SHOULD WE WORK MAJOR MUSCLE GROUPS BEFORE MINOR?
I am pretty sure you have been told never to work your biceps before you back, or your triceps before your pecs. This is taken from the bodybuilding Bible, but should we take it as gospel? Beware if you intend on breaking these sacred rules you will not go unscathed and may indeed endure the wrath of the anti-builders! Your chest and back will shrink right before your eyes and you will be destined to morph into some distorted Popeye type of caricature with huge arms minus chest and back! All joking aside. The truth is whether you choose to work your biceps before your back or your triceps before your shoulders it will not impact your overall development. Why? Because your body is much smarter than that. In fact there are times when it’s advisable to work your biceps before you back. For example if you are one of those trainers that finds their biceps and forearms get most of the load on a lat pulldown, to the point where you struggle to even feel your lats. By performing your biceps first you will preexhaust them and allow your lats to take the majority of the load. The same rule applies to those struggling with deltoid isolation. If you perform your triceps first and preexhaust them your deltoids will take more of the load. Either way whether you work your smaller muscle groups before you large it all falls into insignificance if one vital element if not applied Hard Work! How much effort you invest into your workout sessions is far more important than the order in which your perform your exercises. Getting too caught up on designing some kind of fancy routine that is suppose to hit every muscle from every angle is kind of futile if there is not enough intensity invested into the workout. Some of the routines I have seen look more like a launch sequence for the space shuttle than a weight training program! This is where over thinking a situation can actually distract you from the key aspects of a workout. Good old hard work will always beat some fancypants routine.
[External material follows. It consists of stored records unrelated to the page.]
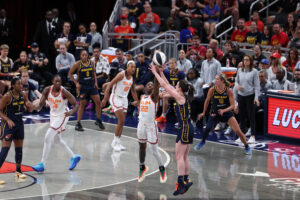 Connecticut Sun guard Saniya Rivers guards a three-point shot from Indiana Fever guard Caitlin Clark during a 2025 WNBA Commissioner's Cup game.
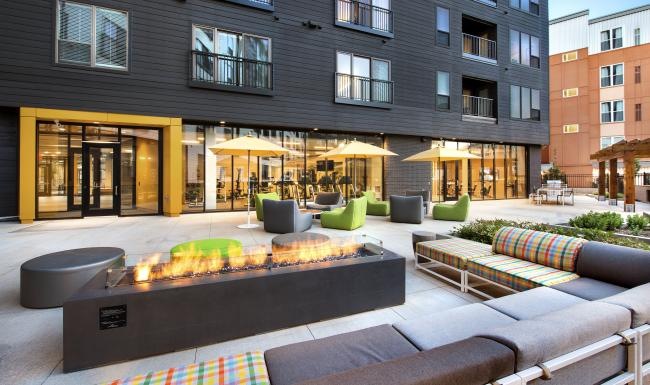 a patio with a firepit and chairs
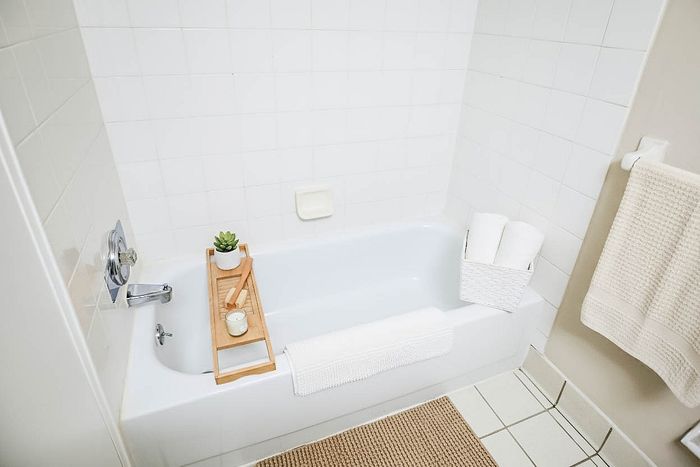 Inviting bathroom with a sleek bathtub, wooden bath tray, and plush towels, exuding a serene spa-like atmosphere.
Getting back to the order in which you perform your exercises, I often perform circuit style workouts where I go from one exercise to another. For example I may jump from shoulder press, to barbell curls, to seated rows and so on. I can tell you this, it is a tough workout and you may actually find that this style of workout adds more quality lean mass than a standard set/rest/set/rest style of workout. The super circuit style of workout builds great tieins between muscle groups. For example try barbell curls followed by upright rows. This is gives you an awesome pump and really etches some good detail and separation between the outer
deltoid and bicep. I have never been an advocate of straight set style workouts because I believe there is plenty of time to rest once we step outside of the gym. When you enter the gym you should be in work mode. You want to give it 110% and get in as much as you can in the shortest possible time. Aim to lift as heavy as you can while still maintaining good exercise form. Take each set to failure and end with a few partial reps. Can this lead to over training? I am over the term overtraining. The human body is an amazing machine. It easily adapts to the workload you place upon it. The golden rule is, if you invest as much effort into your nutrition as you do with your training the likelihood of you over training is very slim. Over training is a term thrown around rather loosely. The majority use this term as an excuse to workout less. From my observations the average (and I say average) gym goer only trains at 5070% of their true intensity level. They never hit the 100% mark on the intensity scale. So therefore the chances of them over training are slim to none existent. To sum things up. Don’t get caught up on numbers, grouping of body parts or some over complex workout plan. When you hit the gym, hit it like you mean it. Make every rep count and take every set to failure. Good old hard work is the true secret to building a rock solid physique. Back this up with a comprehensive nutrition plan and you can’t go wrong.